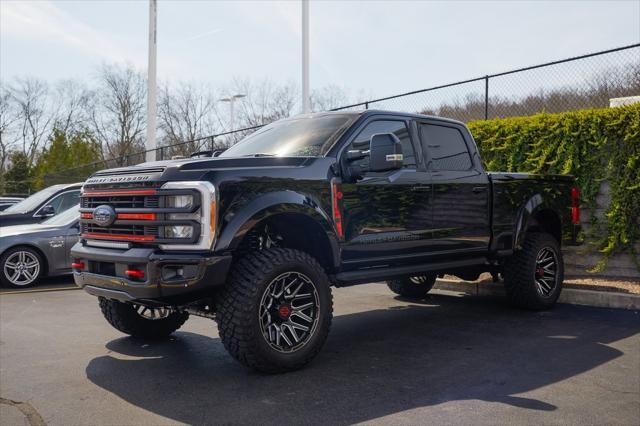 used 2023 Ford F-250 car, priced at $99,990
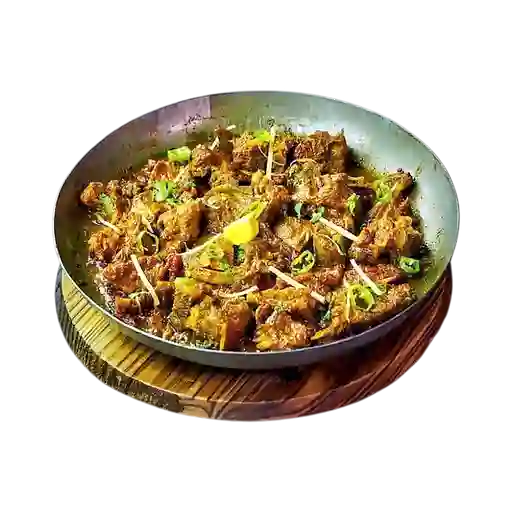 Mutton Karahi Cordero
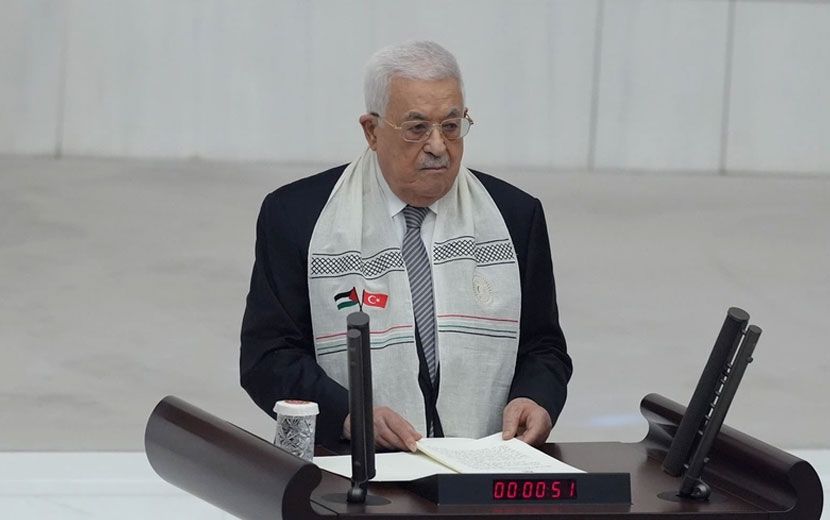 Köklü Değişim | Kurtulmuş ve Abbas, TBMM'de ABD Planına İşaret Etti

* * * *

- **The task**:
All of the lines above should be copied exactly, apart from the pictures.

- **Exercise answer**:
 used 2023 Ford F-250 car, priced at $99,990
 Mutton Karahi Cordero
 Köklü Değişim | Kurtulmuş ve Abbas, TBMM'de ABD Planına İşaret Etti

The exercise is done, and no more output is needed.